##### Material to process #####

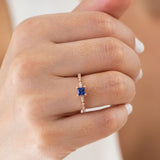 14K Rose Gold and Princess Cut Sapphire Diamond Engagement Ring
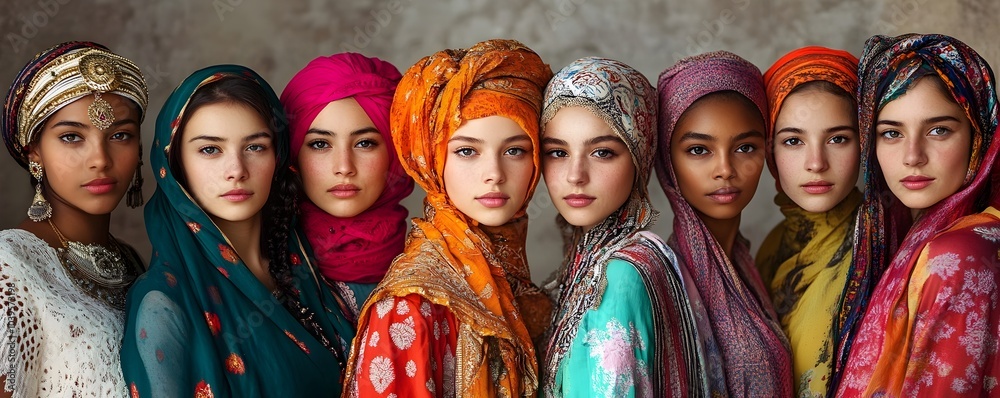 Diverse Women in Traditional Attire Standing Together with Cultural Respect Diverse Women in Traditional Attire Standing Together with Cultural Respect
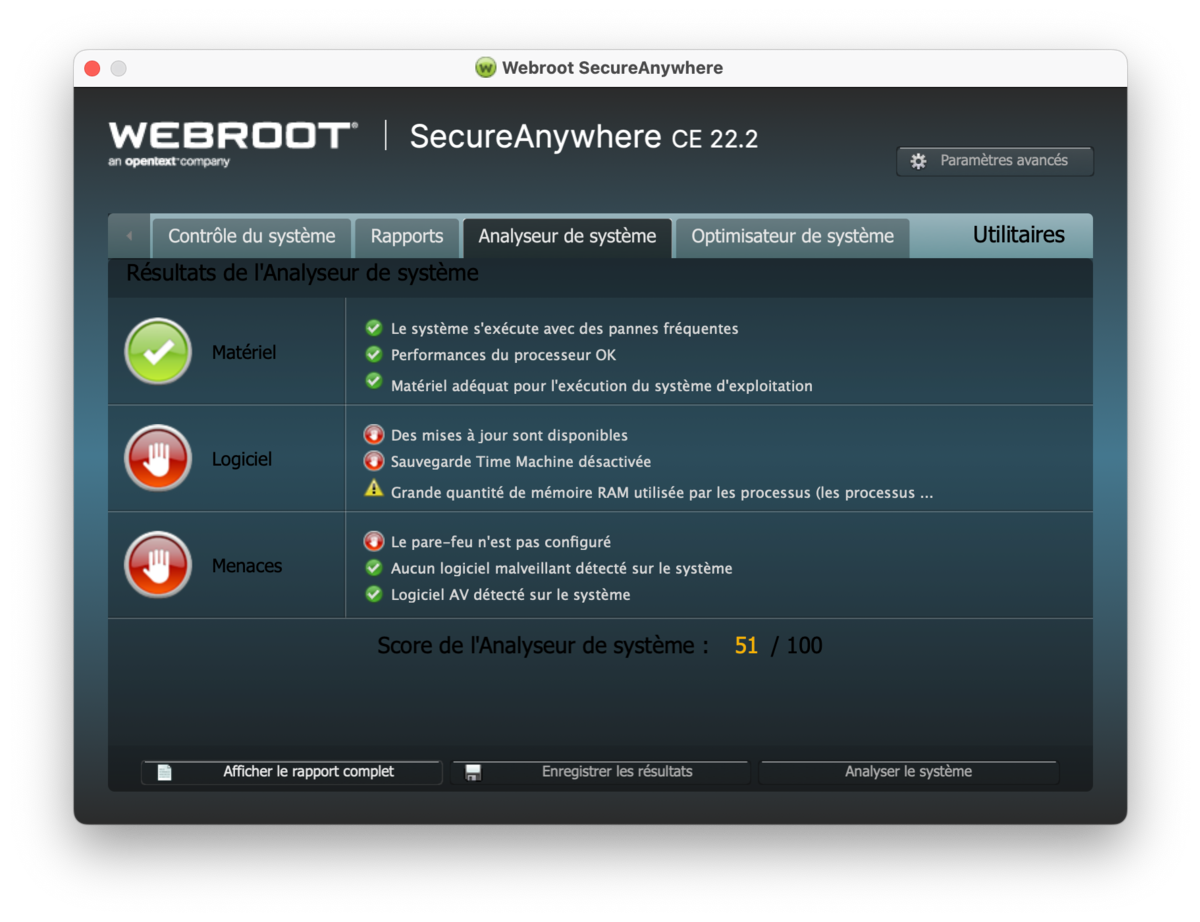 Webroot - Analyseur du système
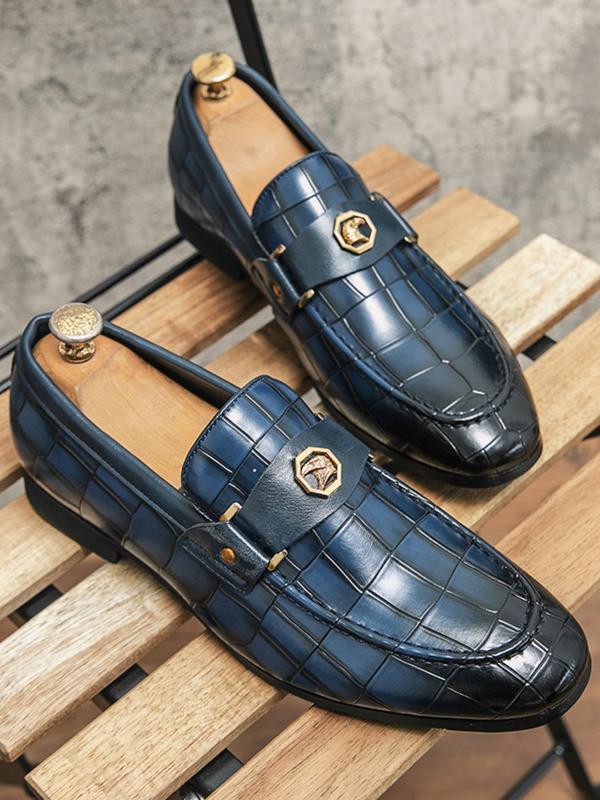 Men's Business Formal Slip on Dress Shoes, Fashionable Crocodile Embossed Loafers for Work Office, Male All-match Commuter Shoes for Daily Wear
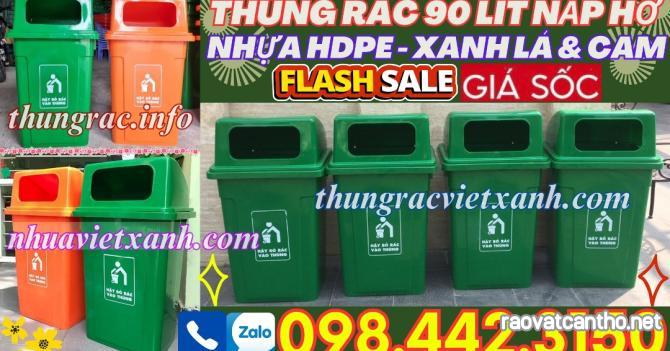 Thùng rác 90 lít nắp hở nhựa HDPE MGB90H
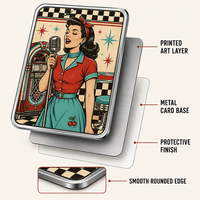 Cartes de collection en métal imprimées sur le thème des restaurants rock des années 1950, souvenirs musicaux avec chanteurs et guitaristes, cartes à échanger, cadeau, vente en gros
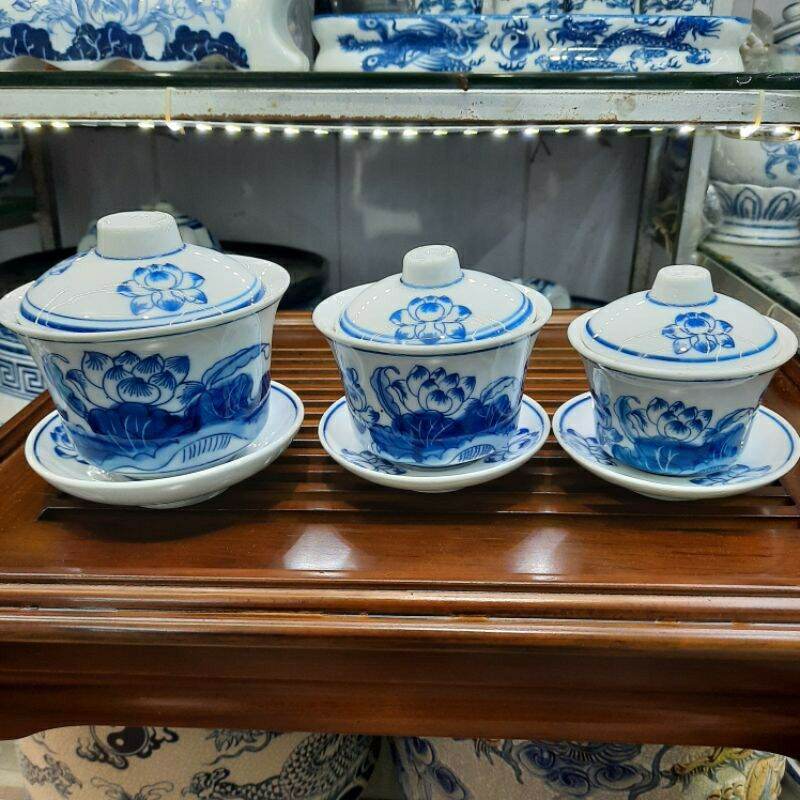 Bát sâm uống trà có nắp vẽ sen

#####

> **Work to complete**
Retype only the lines from the one with "Webroot - Analyseur du système" through the final line of the entries, please, and keep the pictures out.

> **Written answer**
 Webroot - Analyseur du système
 Men's Business Formal Slip on Dress Shoes, Fashionable Crocodile Embossed Loafers for Work Office, Male All-match Commuter Shoes for Daily Wear
 Thùng rác 90 lít nắp hở nhựa HDPE MGB90H
 Cartes de collection en métal imprimées sur le thème des restaurants rock des années 1950, souvenirs musicaux avec chanteurs et guitaristes, cartes à échanger, cadeau, vente en gros
 Bát sâm uống trà có nắp vẽ sen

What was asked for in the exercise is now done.